*Caption-style text data*.

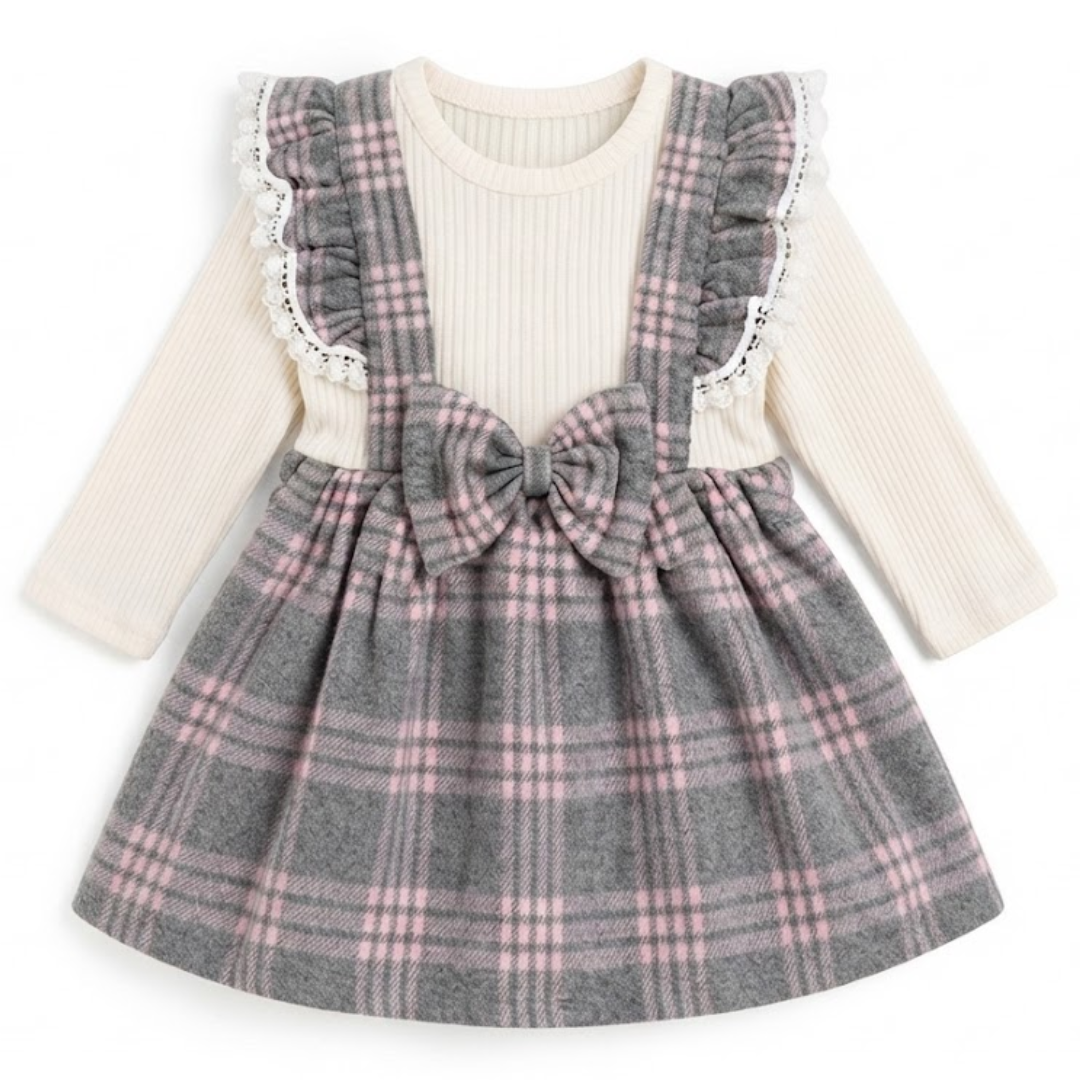 A toddler girl's long-sleeve dress featuring a cream ribbed knit top and a gray plaid pinafore-style skirt with ruffled shoulder straps and a large bow at the waist.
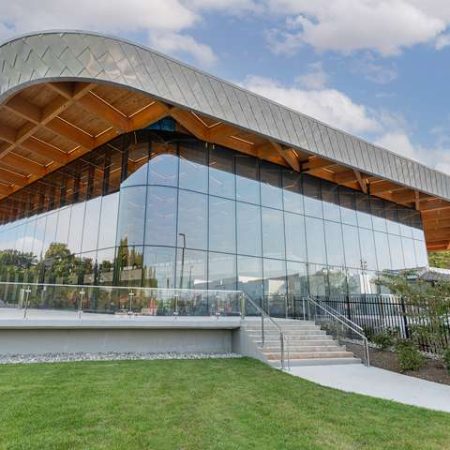 Stunning modern commercial building with glass facade and wooden accents in Quarry View.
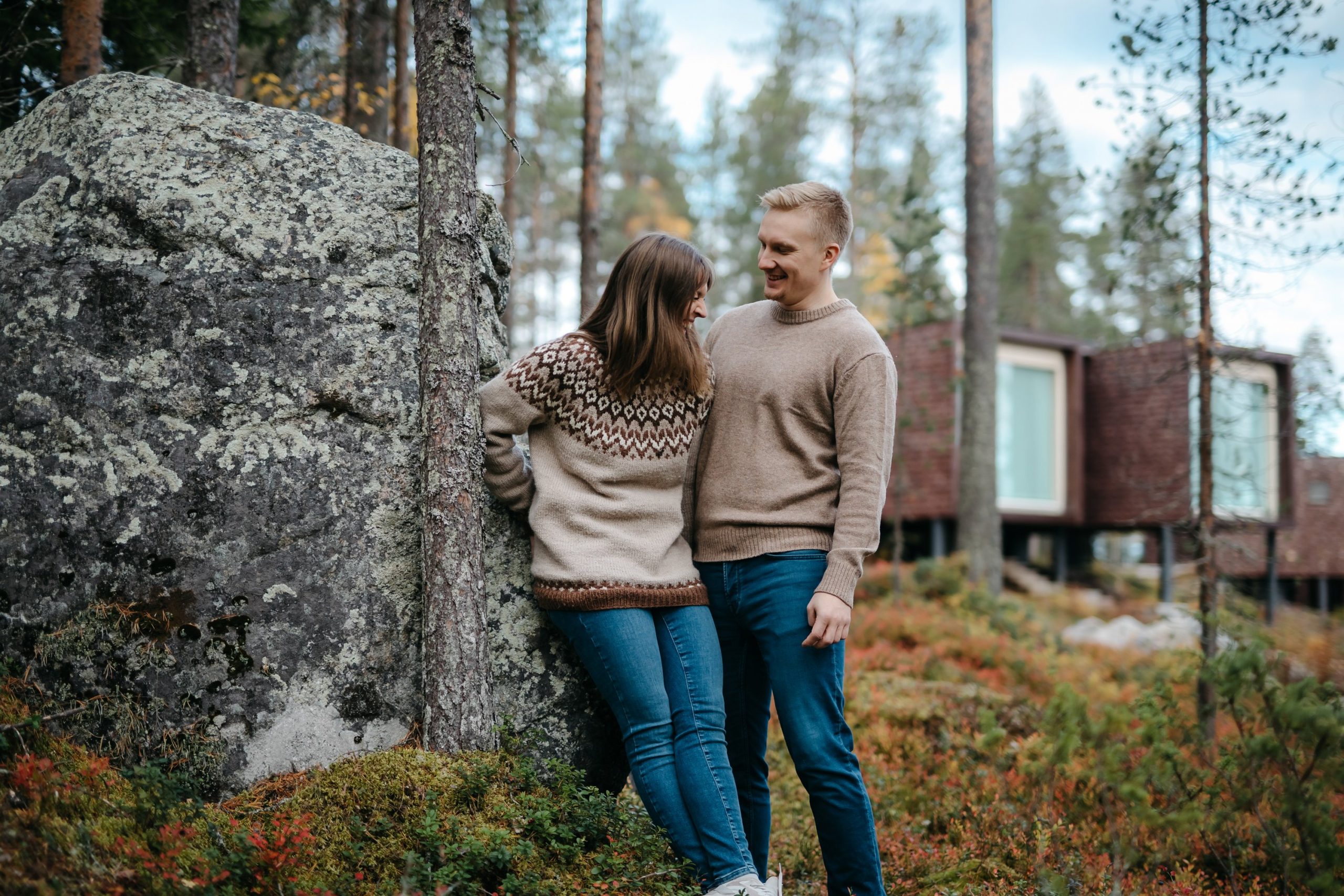 Couple enjoying autumn in Arctic TreeHouse Hotel Rovaniemi Finland.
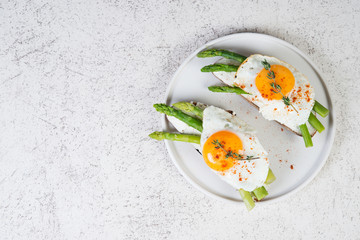 Crispy toast with cream cheese cream, fried egg and asparagus in a plate on a white background.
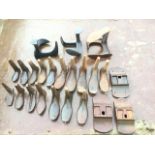 Seventeen cast iron cobblers shoes of miscellaneous graduated sizes with three shaped stands; and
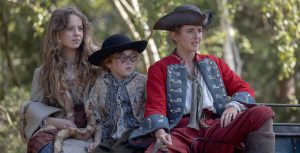 In a scene from the series Renegade Nell, Roxy Jackson (Bo Bragason), George Jackson (Florence Keen), and Nell Jackson (Louisa Harland) are sitting on a carriage. Roxy is wearing a checkered dress with floral patterns and a beige coat with fur trims; George is wearing a black hat, round glasses, a looser-cut coat with patterns, an open-necked white shirt, brown pants that reach her knees, and beige socks; Nell is wearing a pirate-style black hat, a white shirt, red pants, brown pirate boots, a brown belt, and a red and blue Regency tailcoat. She is also holding the reins of the carriage.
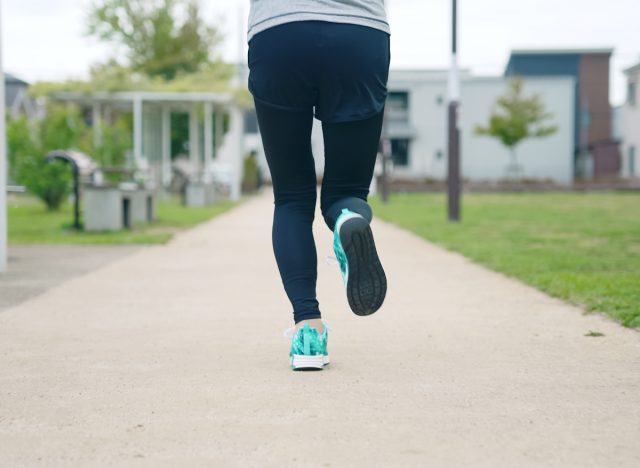 close-up runner's legs and sneakers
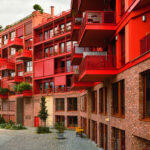 red facades with cubic balconies of new residential architecture in Berlin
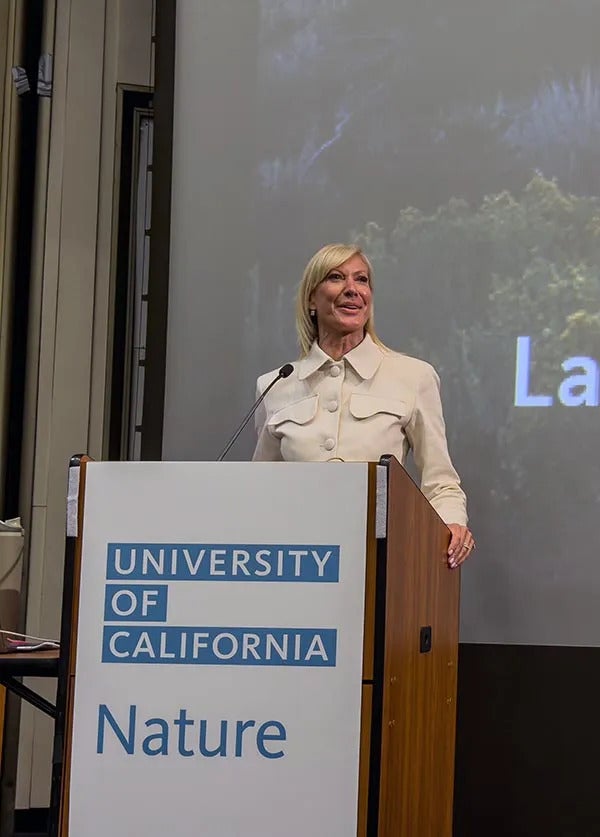 Regent Reilly in a white coat stands at a UC Nature podium, smiling
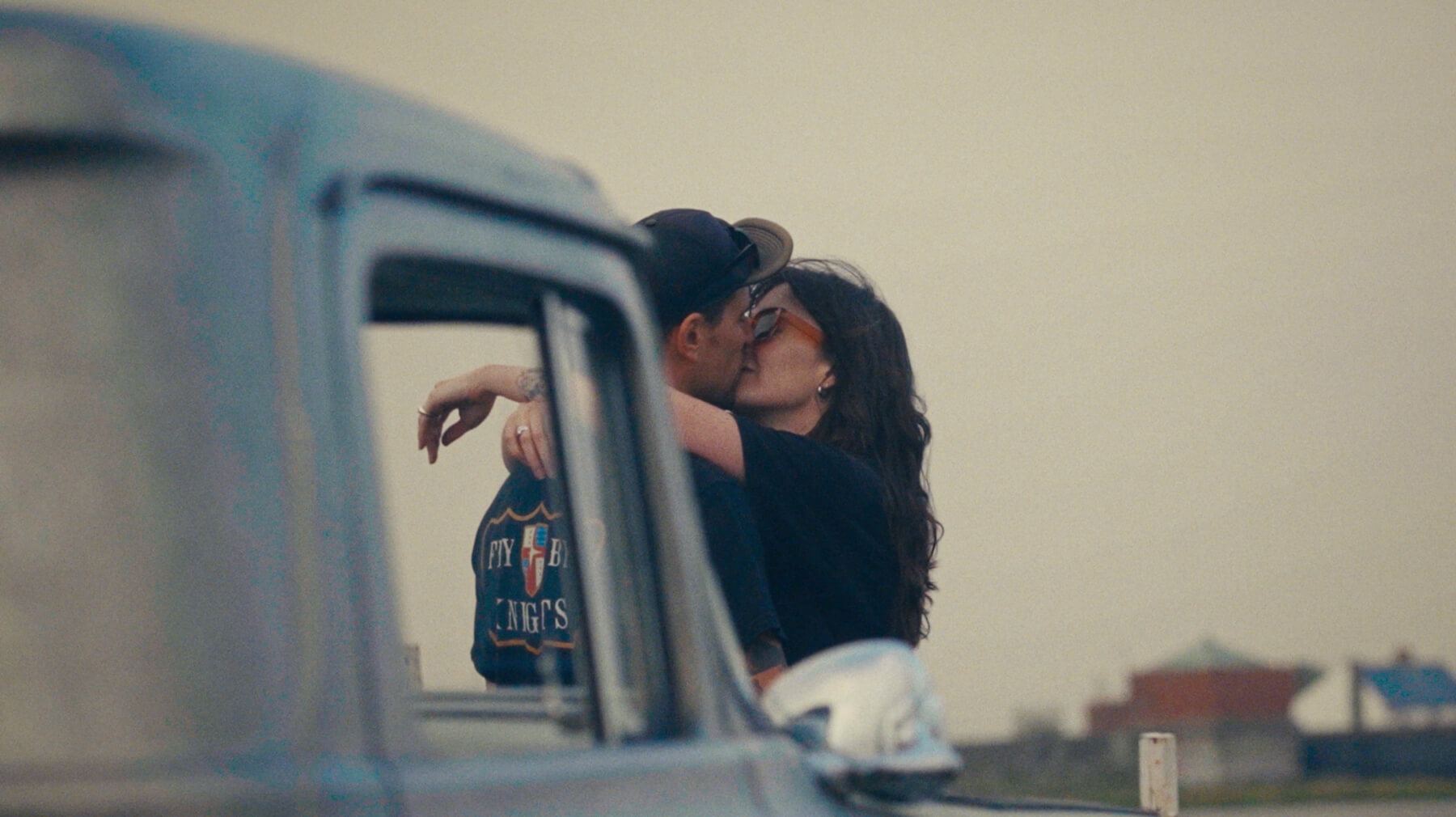 Couple embracing and kissing near a vintage blue car at dusk.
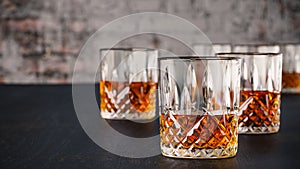 Strong alcoholic drinks, glasses and glasses, in the presence of whiskey, brandy. on a dark background of an old wooden table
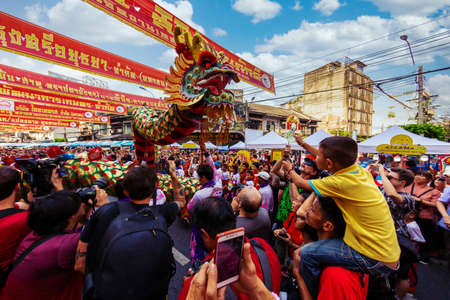 Bangkok, Thailand - February 14, 2021 : Dragon and lion dance show in chinese new year festival.のeditorial素材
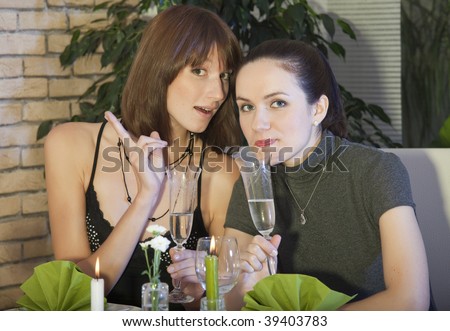 two happy female friends discussing in a restaurant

*Task goal*. All entries must be output exactly as they stand, and every picture must be left out.

*Task answer*.
 A toddler girl's long-sleeve dress featuring a cream ribbed knit top and a gray plaid pinafore-style skirt with ruffled shoulder straps and a large bow at the waist.
 Stunning modern commercial building with glass facade and wooden accents in Quarry View.
 Couple enjoying autumn in Arctic TreeHouse Hotel Rovaniemi Finland.
 Crispy toast with cream cheese cream, fried egg and asparagus in a plate on a white background.
 Seventeen cast iron cobblers shoes of miscellaneous graduated sizes with three shaped stands; and
 In a scene from the series Renegade Nell, Roxy Jackson (Bo Bragason), George Jackson (Florence Keen), and Nell Jackson (Louisa Harland) are sitting on a carriage. Roxy is wearing a checkered dress with floral patterns and a beige coat with fur trims; George is wearing a black hat, round glasses, a looser-cut coat with patterns, an open-necked white shirt, brown pants that reach her knees, and beige socks; Nell is wearing a pirate-style black hat, a white shirt, red pants, brown pirate boots, a brown belt, and a red and blue Regency tailcoat. She is also holding the reins of the carriage.
 close-up runner's legs and sneakers
 red facades with cubic balconies of new residential architecture in Berlin
 Regent Reilly in a white coat stands at a UC Nature podium, smiling
 Couple embracing and kissing near a vintage blue car at dusk.
 Strong alcoholic drinks, glasses and glasses, in the presence of whiskey, brandy. on a dark background of an old wooden table
 Bangkok, Thailand - February 14, 2021 : Dragon and lion dance show in chinese new year festival.のeditorial素材
 two happy female friends discussing in a restaurant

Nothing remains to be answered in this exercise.